WALK down a certain part of Glasgow's Renfrew Lane today – the part behind the cinema, the hotel and the Aussie pub – and you'll quickly realise it is nothing special. Just like any other lane, in fact. Recycling bins and puddles.
But wait. Thirty, forty years ago, this lane was famous. Sort of. This was where the Glasgow Apollo’s stage-door stood. The lane echoed to the footsteps of thousands of musicians and their stage crews. Where that puddle is today, Mick Jagger once walked. David Bowie. Lou Reed. The Who. Those nice girls from Abba, too.
According to legend, David Lee Roth, singer with Van Halen, once sprinted off stage mid-song, went the wrong way and ended up in the lane. In desperation he ran to the main door but was not allowed back in. The same thing reputedly happened to Bon Scott, singer with AC/DC. There should be a plaque here.
For 12 years to 1985, the Apollo was one of the best-known music venues in Britain. Such was its outlaw appeal, its earth-shaking nightly roar, that many groups came to regard it as a proving ground. Get the Apollo on its feet and you could get any audience on its feet. Many musicians, however, approached the place with trepidation. What, they almost thought, if the crowd doesn't like us?
The Apollo opened in September 1973, in what until then had been known as Green's Playhouse. Its opening acts were a statement of intent: Johnny Cash, the Rolling Stones, Johnny Cash, Lou Reed and Diana Ross.
The final gig, in June 1985, was headlined by the Style Council. By then, the venue really was on its last legs. It was costing a fortune to run. In any event, the music world was moving on. The shiny new SECC was about to open, down on the waterfront. In 1987, the Apollo was demolished, and that was that.
Here's the odd thing, though. It still lives today. A dedicated website has had nearly eight million hits and nearly 10 million page views. A linked Facebook page has 5791 members. Two books, one of them later updated, have been written about the Apollo (I should declare an interest here). A musical, too.
That Facebook page is fun to read. Indelible memories, communal experiences. One fan has submitted a photo of an Apollo seat, acquired at the final show. “This is the back,” she adds. “I think an ex-boyfriend has the bit you sit on.”
And now – well, now the old place has inspired an academic thesis. It took Kenny Forbes four years to research and write. It will lead shortly to his getting a doctorate. Doctor Forbes, we presume.
On the one hand, you could argue that all of this Apollo worship is quaint and provincial: music fans in their 40s and 50s lamenting the absence of a Scottish venue that hosted its final act in the same year as Live Aid. But something is at work here.
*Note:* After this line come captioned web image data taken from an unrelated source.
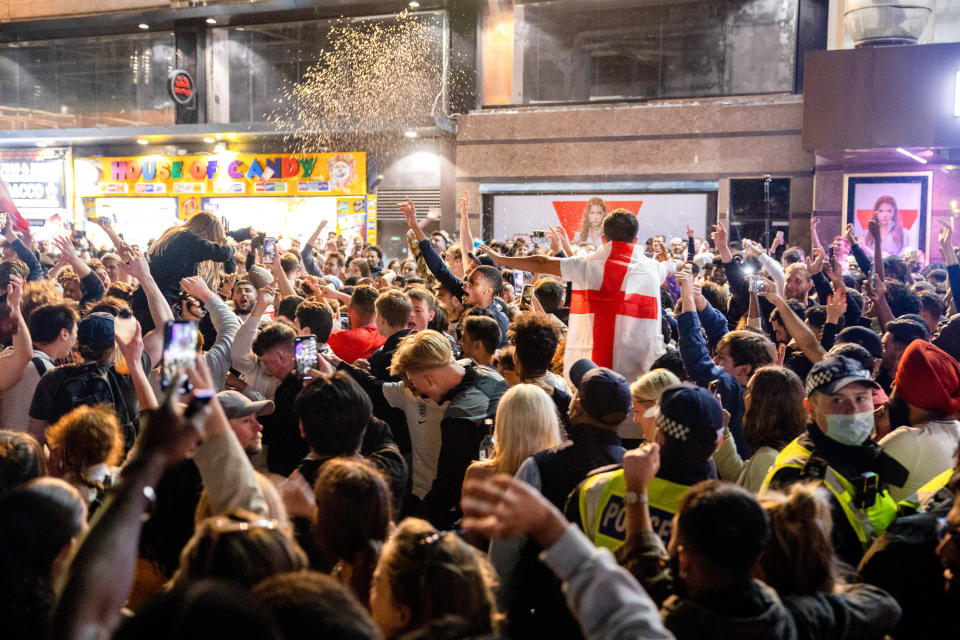  Crowds of jubilant football fans gather at Leicester Square to celebrate the victory.
Thousands of England football fans gathered at central London to celebrate the triumph against the Denmark team in the semifinal match. England beat Denmark 2-1. (Photo by Hesther Ng / SOPA Images/Sipa USA) 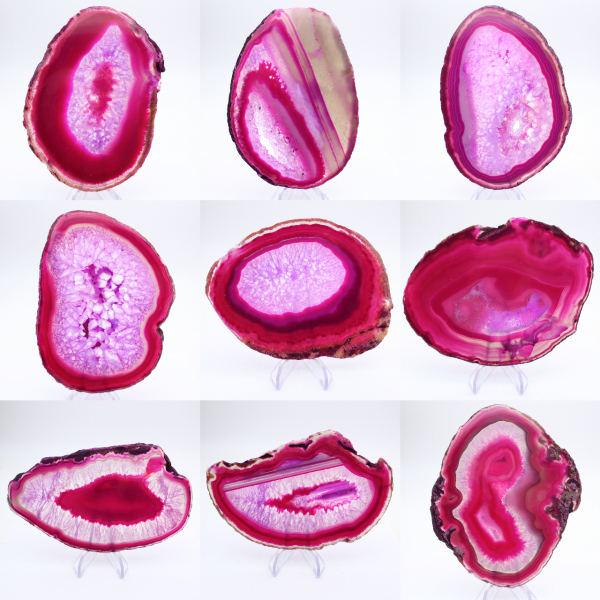 Polierte Scheibe aus gefärbtem rosa Achat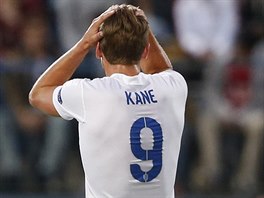 TO NE... Fotbalisté Anglie Harry Kane a Danny Ings litují inkasovaného gólu v...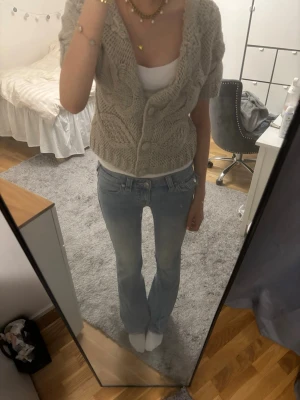 True religion jeans - Sjukt snygga true religion jeans i modellen joey❣️ nypris 1300, lagt upp igen så det blir fri frakt!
We all know the power of music to evoke strong memories of specific times in our lives. I remember going to see Blondie and Television, two top US acts, in May 1977. My schooldays were coming to an end. I was about to start my first job. I was even, God help me, in the habit of wearing flares. The memory of that gleeful sense of anticipation as I walked into the cavernous Apollo, the pounding of my heart as I took my seat, will never fade. Music was life and death to me at that age. The bittersweet memories from that era are so overwhelming that I'm reminded of James Earl Jones' great line in Field of Dreams: "The memories will be so thick they'll have to brush them away from their faces."
Plus, to be part of that deafening Apollo Roar was really something. But that was then and this is now.
Sipping a coffee in a hotel across the road from the old place is Kenny Forbes. He has mined the Apollo legend extremely thoroughly for his thesis at the University of Glasgow.
"There's this idea,” he begins, “that industrial cities have a concept of heavy manual work. There is what is known as oppositional leisure. Work defines leisure. Without work, we don't have leisure.
"The harder you work, the more punishing it is, then the more you want to relax. The greater the distance you want to put between you and the job. You go to the pub, the pictures, the bookies, the dancing. Think about the amazing numbers of people who went to the dance-halls in Glasgow, the cinemas.
"All industrialised cities have this sort of thing, but the level of industrialisation in Glasgow was so intense that it mirrored the leisure activities.
"It's the same with rock music. It is meant to be enjoyed in leisure time, and the more industrial the city, the heavier the rock music it likes. Plus, rock is like a continuing soundtrack of noisy environments, such as heavy machinery and shipbuilding." Indeed, two of the most popular acts at the Apollo (even bearing in mind that it catered for almost every genre of popular music) were, indisputably, Status Quo and AC/DC, both renowned for their heavy, driving sound.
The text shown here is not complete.